[Saved data entries]
== == ==

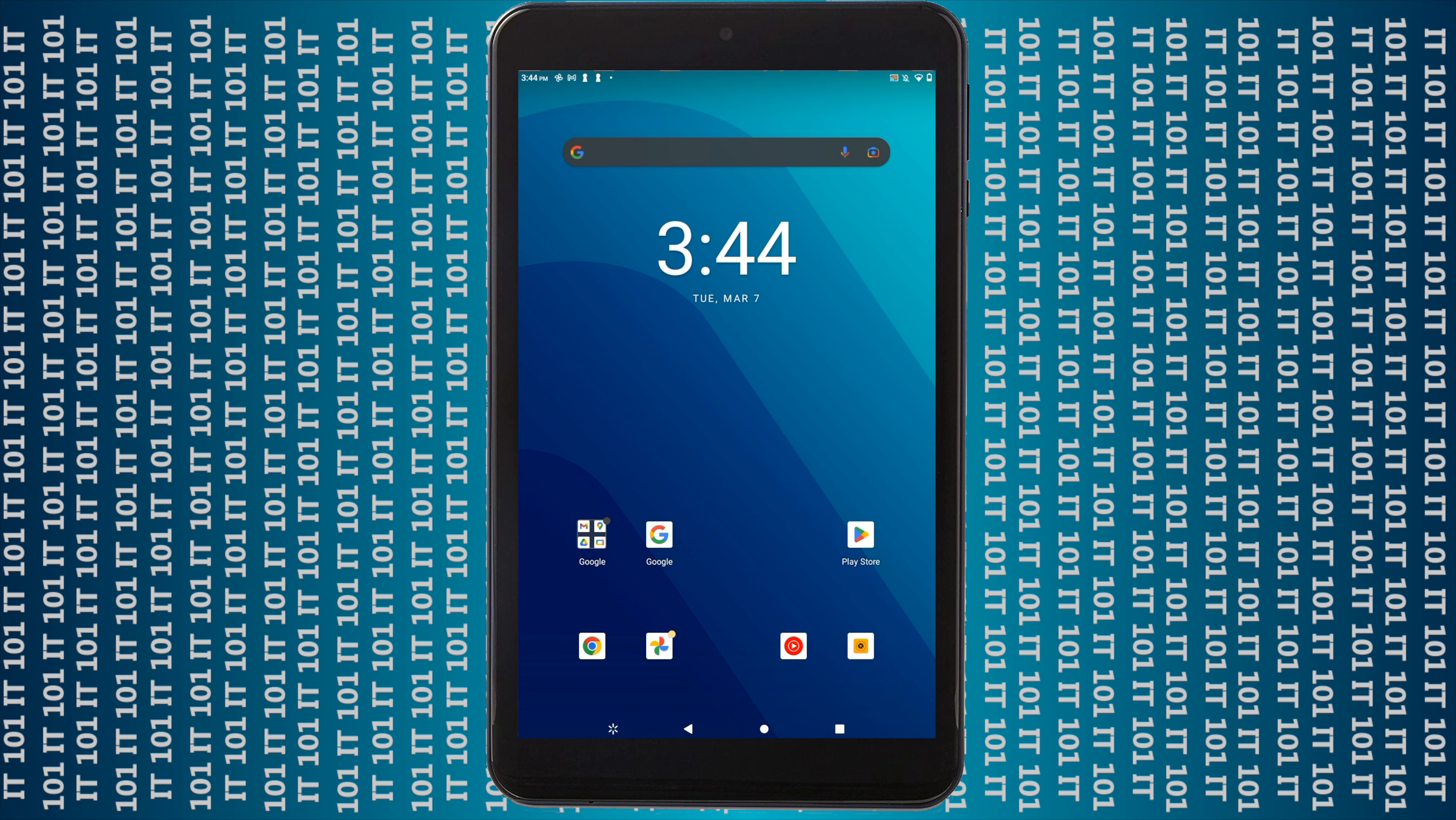Okay, so the first thing you want to do to install your Android app updates is you want to take your device, whether it's your phone or your tablet, and you want to unlock it. After you unlock it and you're looking at the home screen, you want to open up the Play Store. Now if it doesn't show up on the first page, you might have to go over to the second page.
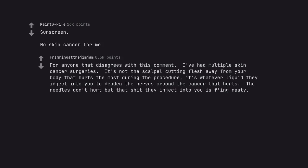Sunscreen. No skin cancer for me. For anyone that disagrees with this comment, I've had multiple skin cancer surgeries. It's not the scalpel cutting flesh away from your body that hurts the most during the procedure. It's whatever liquid they inject into you to deaden the nerves around the cancer that hurts. The needles don't hurt but that shit they inject into you is effing nasty. Wear your sunscreen kids.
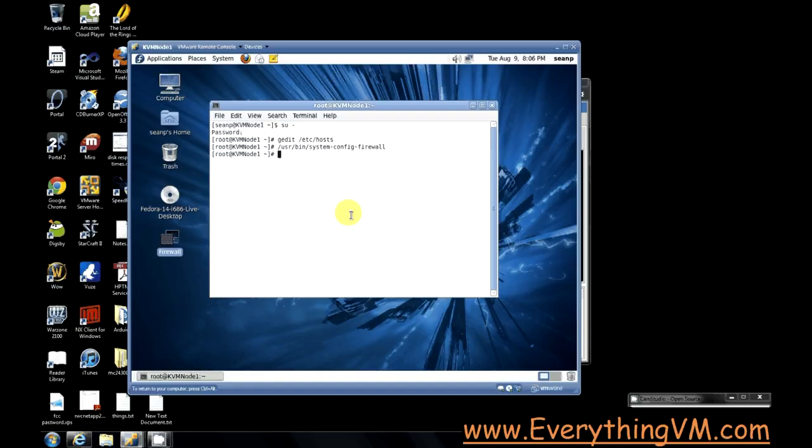Between different nodes you need shared storage. NFS is how we're going to do our shared storage.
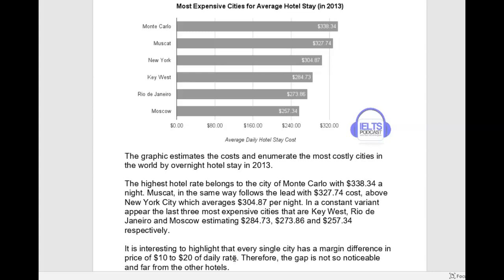You could have said that of the six cities in question, Monte Carlo was the most expensive for an overnight hotel stay. You could have also said that all six cities had an average hotel stay of over $250 per night, although that includes some data. Or you could have said Monte Carlo had the most and Moscow was the least. That's the kind of information you really want to point out in your overview.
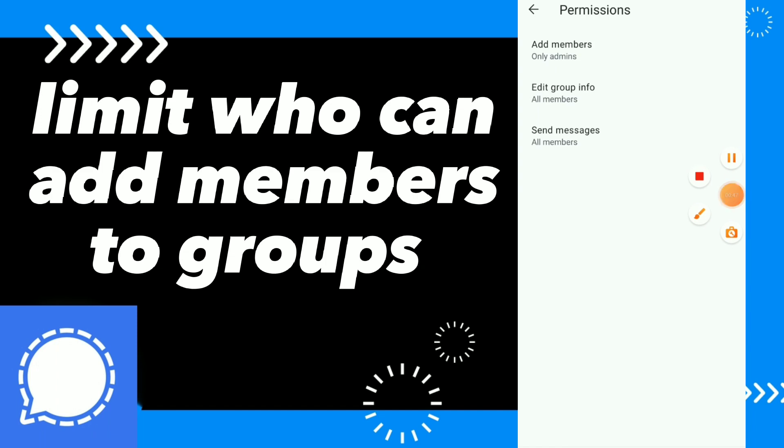Hope this video was helpful for you. If it was helpful, don't forget to subscribe and like the video, and see you in the next video.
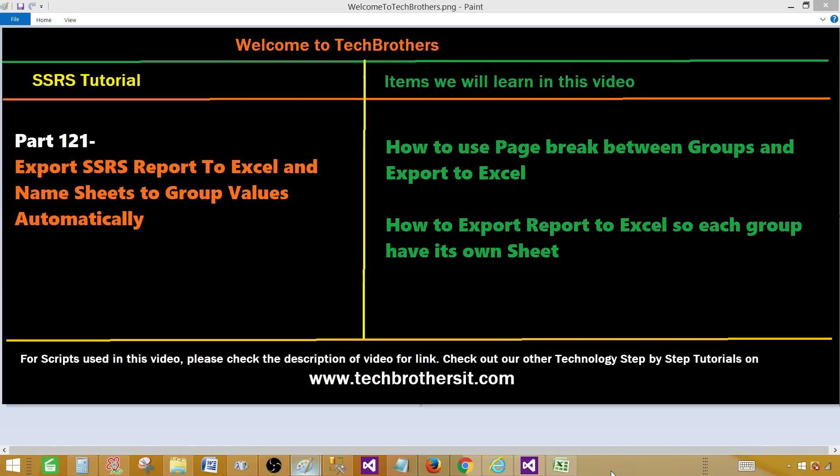Welcome to Tech Brothers with Amir. Today we are going to learn how to export an SSRS report to Excel and name the sheets to the group values automatically.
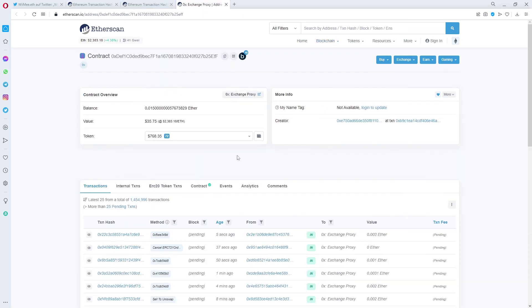So conclusion, 0x exchange proxy is not a rug, it's the coinbase NFT contract you are signing with your wallet. Stay safe out there guys.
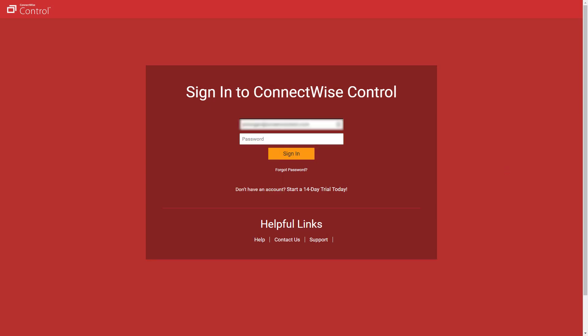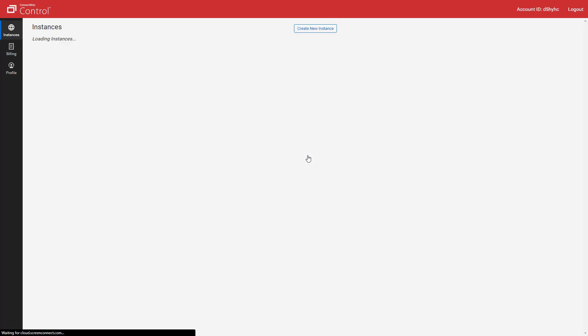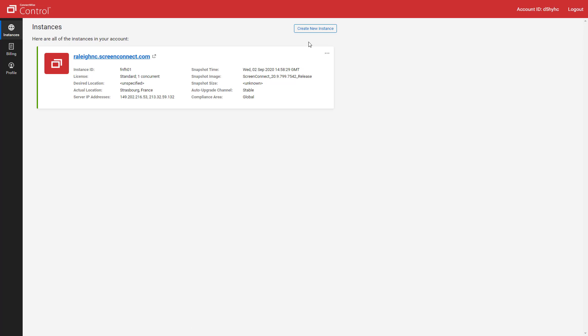First, log into your Cloud Portal at cloud.screenconnect.com. The portal is divided into three pages: Instances, Billing, and Profile.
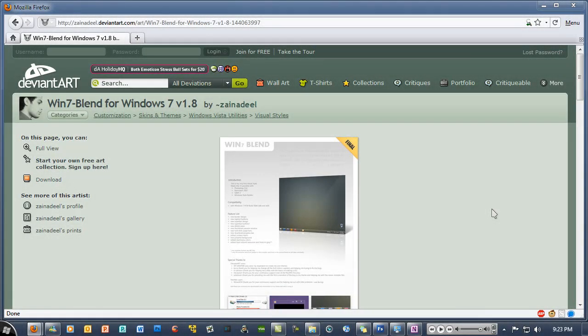Hello YouTube, and in this video I'll be answering another subscriber question, which is what Windows 7 theme. It's actually called Windows 7 or Win7-Blend for Windows 7, version 1.8, and it's by Zayn Adil.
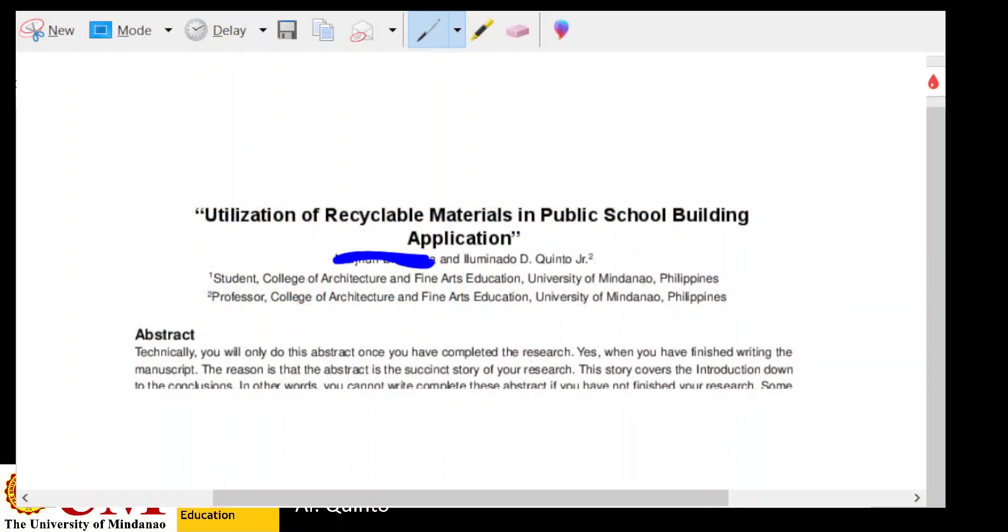Let's now talk about the congruency that must exist between the title and the research question. For me, the basis of the title is really the research question. A good basis of making a title will be the research question, because the research question encapsulates and brings together all the things that your mode of inquiry, your research, will be dealing with.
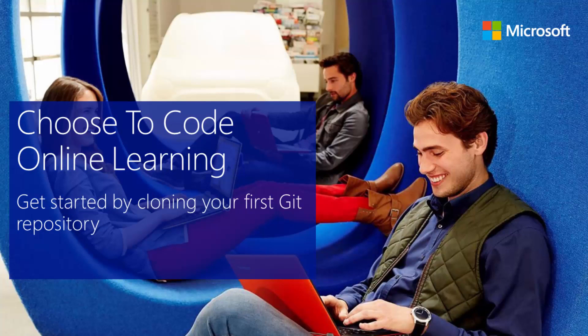Hello. Today we're going to have a very quick video on how you clone a Git repository.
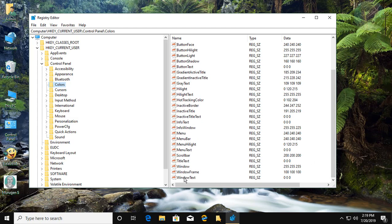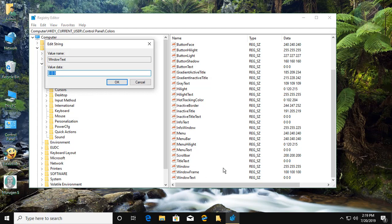Double click to open window text. Change value data. Click OK and exit registry editor.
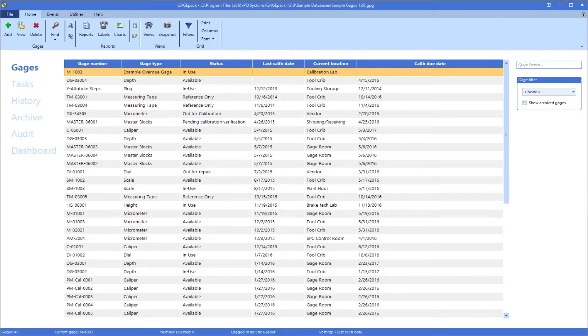GaugePack's color coding function can be used to improve object recognition and draw your focus to items that require your attention.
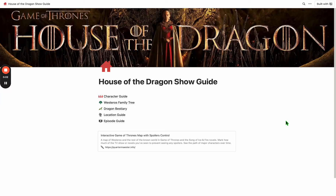Hey everyone, David here. We wanted to do a quick video tour of the House of the Dragon show guide that we've put together using the tool called Notion.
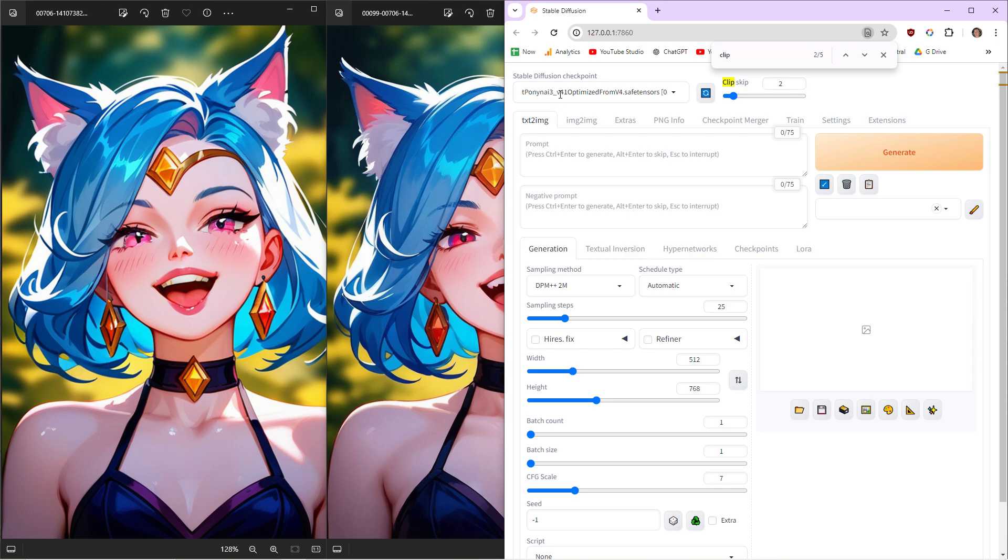Something to do with taking the... I don't even know. I don't want to pretend to know. Taking the second to last image or something, because it's better. I don't know. If someone knows how it works, please explain in the comments. But this works for me.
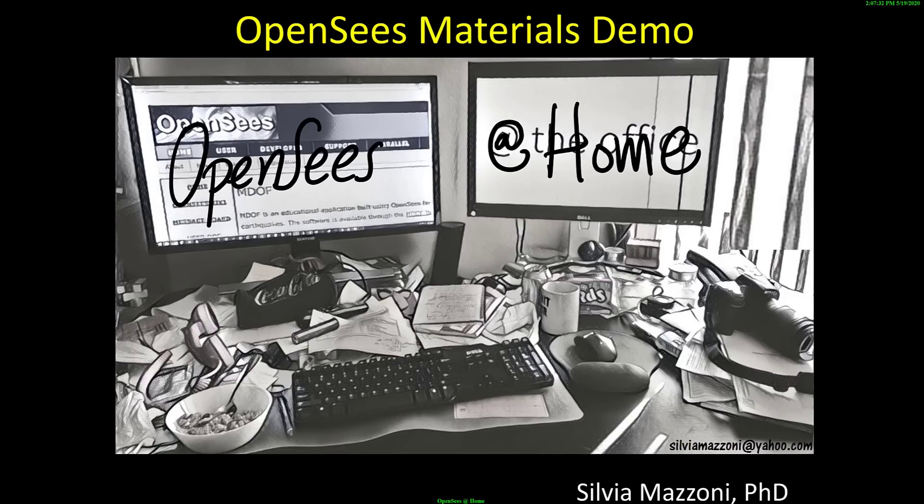Hello and welcome back to OpenSeas at Home. Today's video is going to cover a demonstration of a few different materials that I've selected that are easy to demonstrate, and I'm just going to go through one by one.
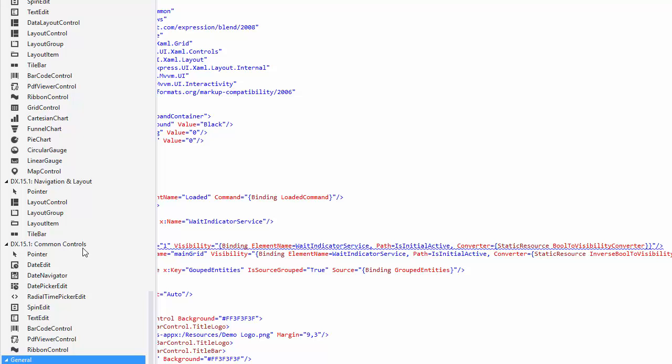And that's a quick look at our latest controls for Windows 10. Next, we'll show you how to reuse your Windows 8.1 code to create a Windows 10 app. Thanks for watching and thank you for choosing DevExpress.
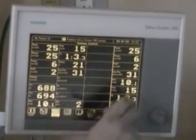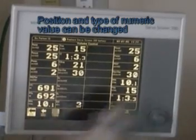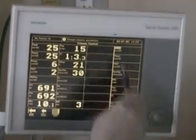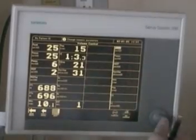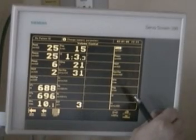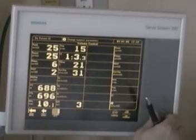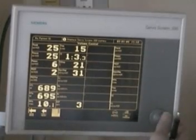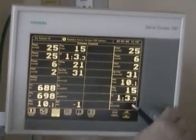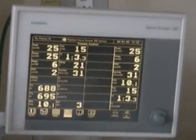We can change by clicking on the numerical values — pushing the button in — and we can change these parameters, add or subtract something, move them around if we choose to. We'll just go back here, exit, and back to the main menu. Let's take a look at trends — sometimes we want to see what has happened to the patient over time.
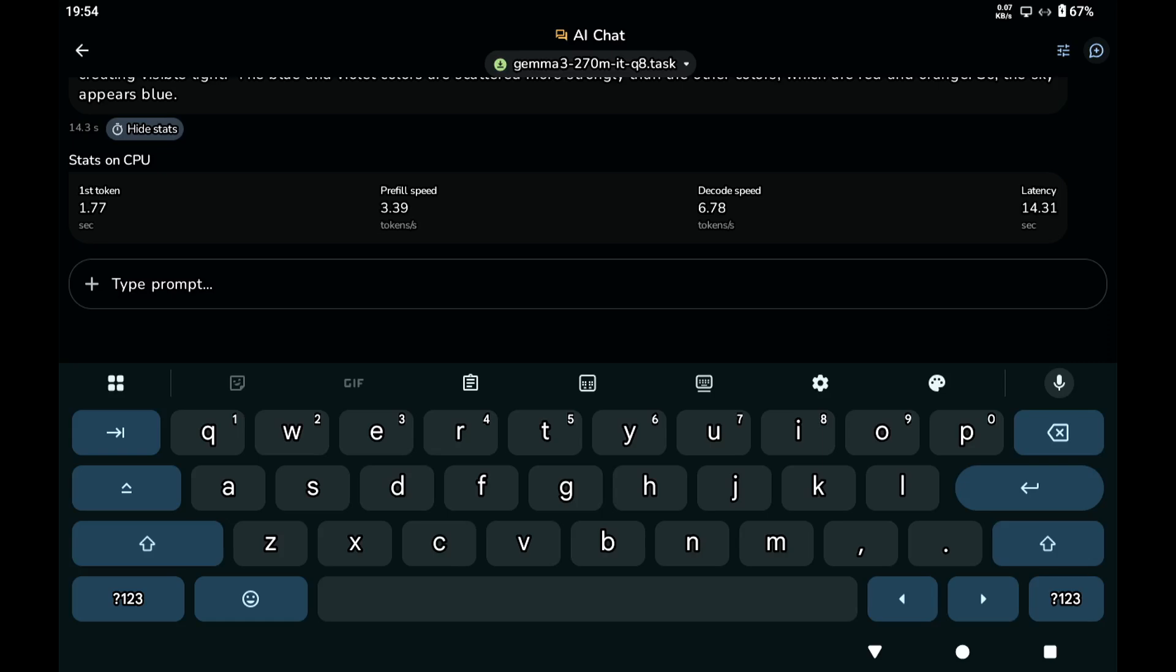And yeah, hopefully more models will become available. If you want me to have a look at converting models for the Google Edge Gallery app, then just let me know in the comments. When I have time, I'll try to have a look at that. So this is all for now, and I hope to see you again in my next video.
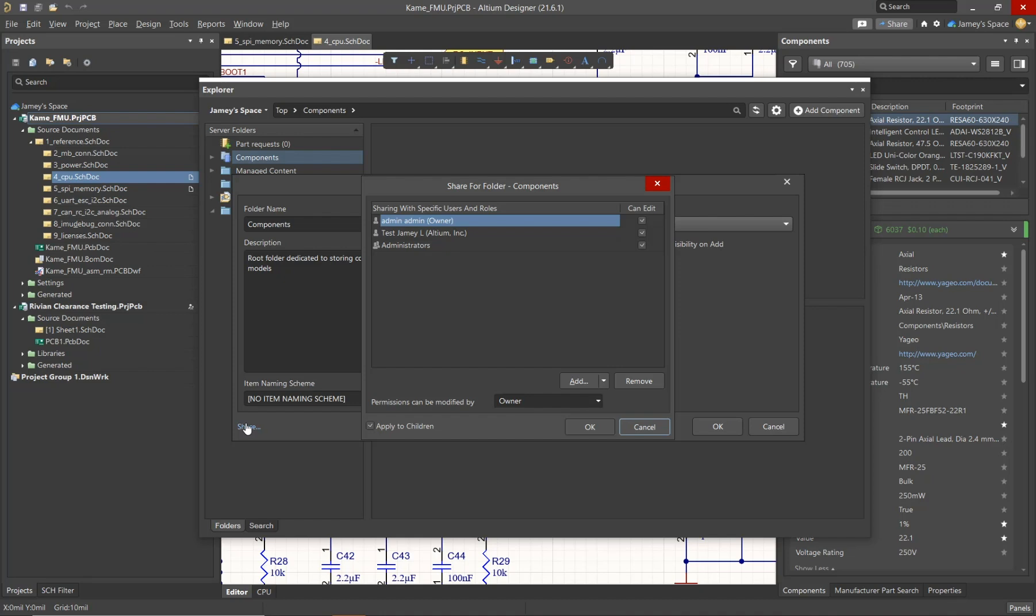This can be beneficial when you're working with external contractors or people outside of your organization and you want to limit their visibility to the folders in your workspace. Now there's plenty of different ways to set up your folder structure, but it comes down to your personal preference.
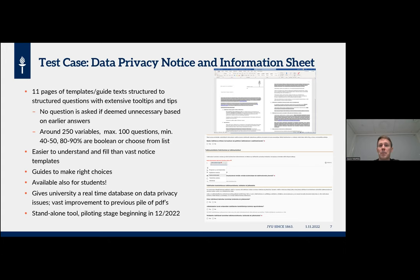This is also available for students — we have thousands of students per year who need to make data privacy notices, with no tool available to help them, placing a heavy burden on supervisors. It also gives us a real-time database on data privacy issues or DMP issues — we don't have to go through piles of PDFs or printed documents anymore, but have a database we can query to get the information we need. The piloting stage is expected in the beginning of December.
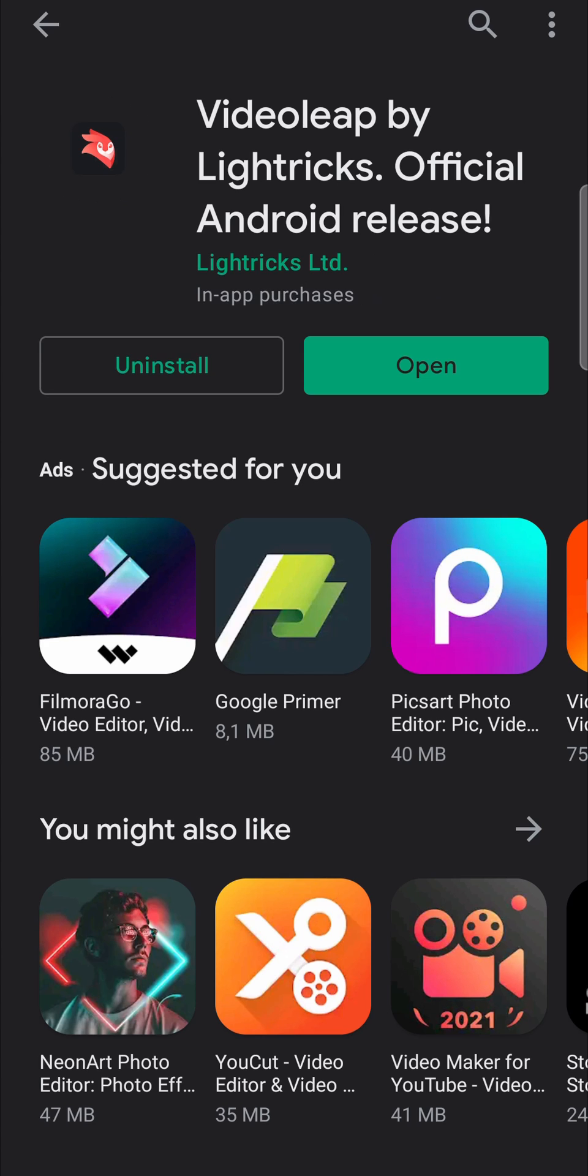Okay, so now it's installing. And as you can see, it says open. So I have successfully installed VideoLeap onto my Android phone. So I can tap on open there and you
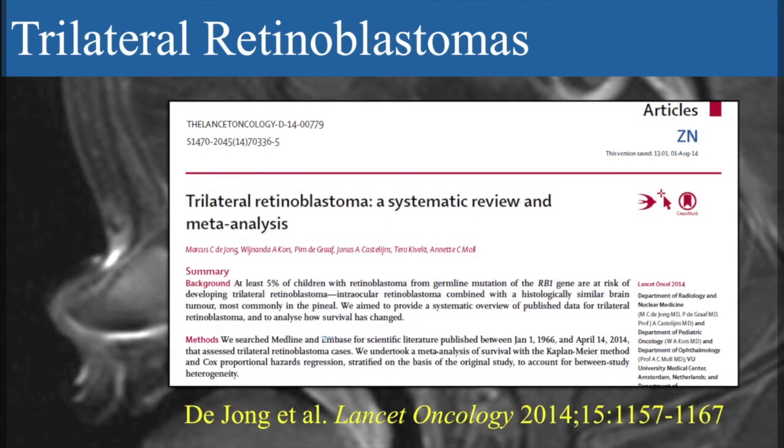If you want more information, there is a lot more data in this original paper and its supplementary data. If you are interested in this very interesting manifestation of retinoblastoma, you can read that in detail, and I'll be happy to give a PDF copy of this paper to everyone. Thank you.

== == ==

• _What is being asked_:
The reply should hold only the lines from the first line of the records above through the line containing "So conclusion, 0x", copied exactly and without pictures.

• _Task result_:
Okay, so the first thing you want to do to install your Android app updates is you want to take your device, whether it's your phone or your tablet, and you want to unlock it. After you unlock it and you're looking at the home screen, you want to open up the Play Store. Now if it doesn't show up on the first page, you might have to go over to the second page.
Sunscreen. No skin cancer for me. For anyone that disagrees with this comment, I've had multiple skin cancer surgeries. It's not the scalpel cutting flesh away from your body that hurts the most during the procedure. It's whatever liquid they inject into you to deaden the nerves around the cancer that hurts. The needles don't hurt but that shit they inject into you is effing nasty. Wear your sunscreen kids.
Between different nodes you need shared storage. NFS is how we're going to do our shared storage.
You could have said that of the six cities in question, Monte Carlo was the most expensive for an overnight hotel stay. You could have also said that all six cities had an average hotel stay of over $250 per night, although that includes some data. Or you could have said Monte Carlo had the most and Moscow was the least. That's the kind of information you really want to point out in your overview.
Hope this video was helpful for you. If it was helpful, don't forget to subscribe and like the video, and see you in the next video.
Welcome to Tech Brothers with Amir. Today we are going to learn how to export an SSRS report to Excel and name the sheets to the group values automatically.
So conclusion, 0x exchange proxy is not a rug, it's the coinbase NFT contract you are signing with your wallet. Stay safe out there guys.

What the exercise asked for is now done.